Information
Geometric Algorithms
Boston University
Fall 2023

CAS CS 132 (Geometric Algorithms) is an introduction to linear algebra with a bent towards applications in computer science. One of its primary goals is to prepare students (you) for courses in the CS curriculum at BU which require some degree of linear algebra. Due to the fundamentality of linear algebra, in machine learning, in graph algorithms, in optimization, in graphics (and so on), this list of courses is substantial.

I want to also make clear at the offset that this is not a course in computational geometry in the traditional sense; we will not cover some beautiful topics like triangulation, mesh generation, geometric data structures, or convex programming (despite the seemingly out-dated description of the course in our registrar).

Instead, we will be covering other beautiful topics like matrix factorization, eigenvectors, Markov chains (and so on again).
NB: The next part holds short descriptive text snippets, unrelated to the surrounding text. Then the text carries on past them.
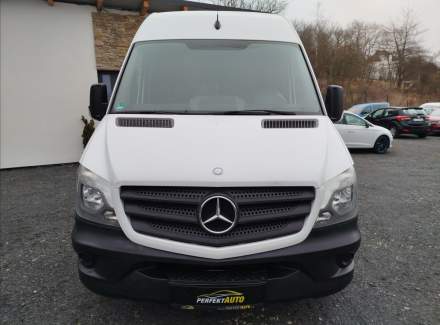 Mercedes-Benz - Sprinter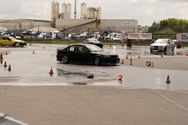 Adembenemende stunts op Race Wars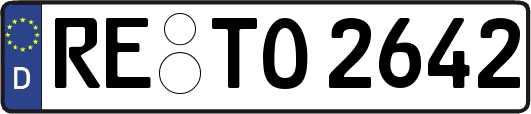 RE-TO2642
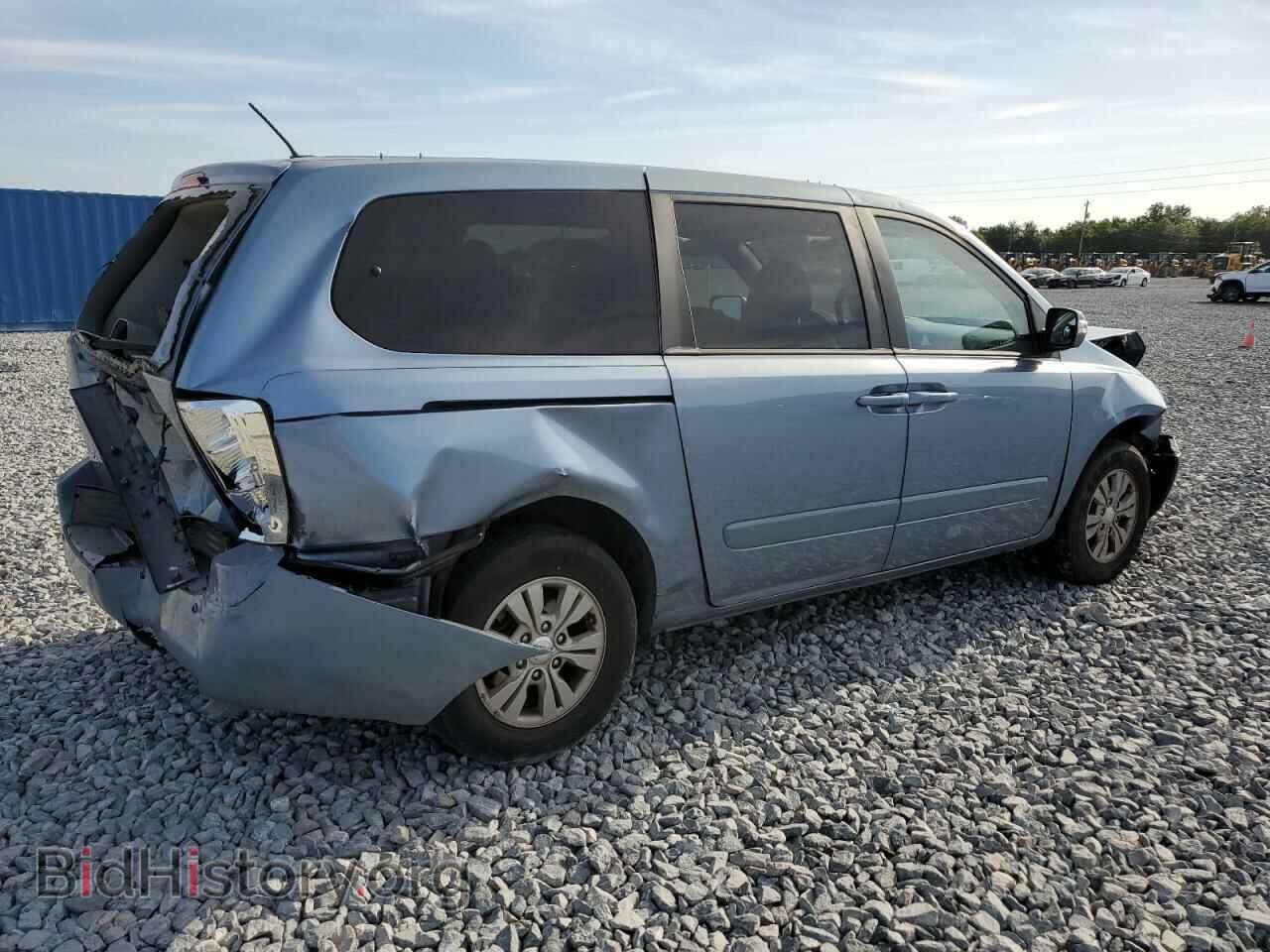 2012 KIA All Models - VIN: KNDMG4C7XC6486847 - Фото 3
The "geometric" part comes from the way we will learn to think geometrically, in how linear algebra will help us conceptualize data as something spatial. Professor Mark Crovella has a nice note on this in the preface of the text we will be using for this course.1

Prerequisites ⟫ CAS CS 111 (in particular, knowledge of python)

Resources

Material ⟫ We will primarily be using the online text written by Professor Mark Crovella for this course. The text is a jupyter notebook which you can access online. All supplementary material will be made available on this site and on Piazza.

Much of the material in this online text is based on the textbook Linear Algebra and its Applications by David Lay, Steven Lay and Judi McDonald. When possible I will include optional readings of the associated sections. This is also a great resource for practice problems. I will also occasionally refer to Interactive Linear Algebra, a beautiful textbook out of Georgia Tech by Dan Margalit and Joseph Rabinoff.

Programming ⟫ The programming assignments for this course (and the examples in the text) are written in python with the libraries, numpy, scipy, and matplotlib. It is required that you set this up on you personal machine or on a machine that you will have access to over the semester. Please attend office hours and use Piazza if you need help troubleshooting. If you are worried about access to technology, please contact me as soon as possible and we can see what we can do (though I cannot make any guarantees).

Course Communication ⟫ Course announcements and discussions will happen on Piazza. If you are unfamiliar with Piazza, see their support page for information and tutorials. Some policies regarding the use of Piazza:

  • Don't ask homework questions directly. Formulate a question which will aid in your understanding, and will hopefully help others as well.
  • Don't give homework solutions directly. The answer-provider is just as culpable as the answer-receiver in cases of cheating.
  • Piazza is as useful as it is active. Teaching fellows and course assistants will be answering questions on Piazza, but don't hesitate to answer questions yourself.

Homework Submission ⟫ Assignments are submitted on Gradescope. If you are unfamiliar with Gradescope, see their get-started page for information and tutorials.

Office Hours ⟫ Please see Piazza for posted offices hours.

Evaluation

Homework ⟫ Problem sets are assigned each Thursday and are due the following Thursday by 2PM. You can discuss assignments during sections on Mondays, but TFs not go into details of the problems.

Each assignment will consist of two parts, one part analytical (calculations/proofs) and one part computational (python code).

For the analytic portion, you will submit a PDF via Gradescope. Your submissions may be scans of handwritten notes or PDFs created using Word, markdown, LaTeX, etcetera (this is the preferred choice, and I highly recommend learning LaTeX, especially if you're interested in doing research). Handwritten submissions MUST be neat and the graders have license to dock points if your submission is not legible. For the computational portion, you will submit code via Gradescope.

There are 12 problem sets in total (the last one is shorter but worth the same amount) and your 10 highest scores will contribute to your final grade.

Late assignments will not be accepted. This allows us to post solutions in a timely manner.

Expect to commit some time each week to these assignments.

Exams ⟫ There will be one midterm and a cumulative final.

Participation ⟫ Part of your grade will be determined by your participation in a weekly Google form.

Grading ⟫ Your final grade will be determined by

  • 50% homework (top 10 of 12 scores)
  • 20% midterm exam
  • 25% final exam
  • 05% participation

Cut-offs for letter grades will be determined at the end of the course. I cannot guarantee what the cut-off will be, but you will not receive a letter grade lower than the one determined by your raw percentage.

Footnotes:

1

This page is based on a syllabus provided to me by Mark Crovella.